Silicon heterojunction solar cells (SHJ) showed a record efficiency of 26.81%, approaching the theoretical limit of single-junction crystalline silicon (c-Si) solar cells. To further improve the efficiency, a wide bandgap perovskite top cell can be stacked on top of the SHJ bottom cell forming tandem solar cells, which utilize better the solar spectrum. Recently, a record efficiency of 33.70% was achieved for a monolithic two-terminal perovskite/SHJ tandem solar cell. Typically, a transparent conductive oxide (TCO) layer, functioning as the recombination junction, is used to connect the two sub-cells. However, tandem solar cells with this conventional TCO recombination junction often feature high reflection losses originating from the intermediate interfaces between the two sub-cells. Therefore, this master thesis focused on minimizing these intermediate reflection losses by substituting the TCO-based recombination junction with proposed TCO-free recombination junctions.

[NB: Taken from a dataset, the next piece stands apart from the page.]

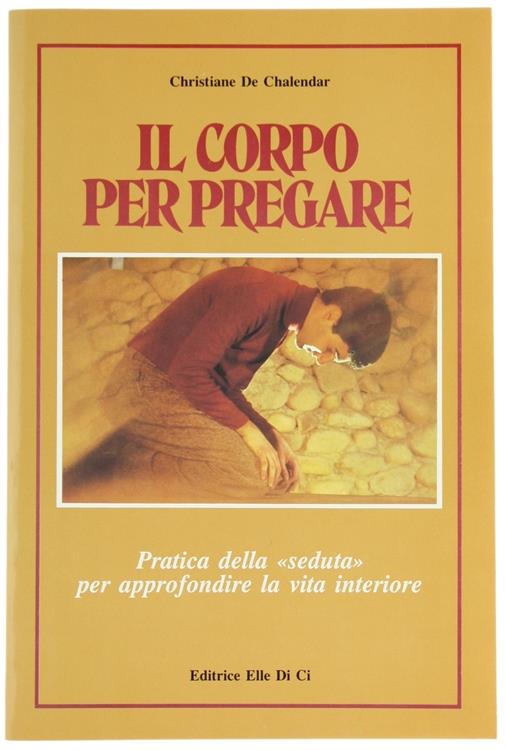 Bergoglio Libri d'Epoca Snc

Firstly, comprehensive optical simulation studies that compared 2T tandem solar cells with various recombination junctions were performed. In the case of single-side-textured (front-side-flat) tandem configuration, as compared to the reference cell with tin-doped indium oxide (ITO) recombination junctions, the use of the more transparent tungsten-doped indium oxide (IWO) allowed an improved implied photocurrent density in the bottom cell (Jimp,bottom) from 18.30 mA/cm2 to 18.70 mA/cm2. Further, by using the TCO-free recombination junction composed of (p)nc-SiOx:H/(n)nc-SiOx:H or (p)nc-Si:H/(n)nc- Si:H, ranges of optimum thickness combinations were discovered, which allowed high Jimp,bottom values of 20.30 mA/cm2 or 19.80 mA/cm2, respectively. Both TCO-free recombination junctions demonstrated enhanced light coupling to the bottom cell thanks to the optimized interference effect at the intermediate interfaces between two sub-cells, minimizing the associated reflection losses. Furthermore, the designs of tandem solar cells featuring various recombination junctions were optimized to reach maximum matched tandem current density. For the reference cell with ITO recombination junction, a matched tandem current density of 19.40 mA/cm2 was obtained, while the use of TCO-free recombination junctions, for instance, 60 nm (p)nc-SiOx:H/ 70 nm (n)nc-SiOx:H or 30 nm (p)nc-Si:H/75 nm (n)nc-Si:H, demonstrated high Jimp,bottom values of 19.80 mA/cm2 and 19.80 mA/cm2, respectively. These results highlight the optical advantageous implementations of proposed TCO-free recombination junctions for monolith tandem solar cells. Similar observations but less significant improvement by using the proposed TCO-free recombination junctions were found in double-side-textured tandem solar cells. This is due to the already minimized reflection losses of the (p)nc-SiOx:H/(n)nc-SiOx:H or (p)nc-Si:H/(n)nc- Si:H configurations (1.3 mA/cm2 and 1.4 mA/cm2 respectively) as a result of the textured front surface.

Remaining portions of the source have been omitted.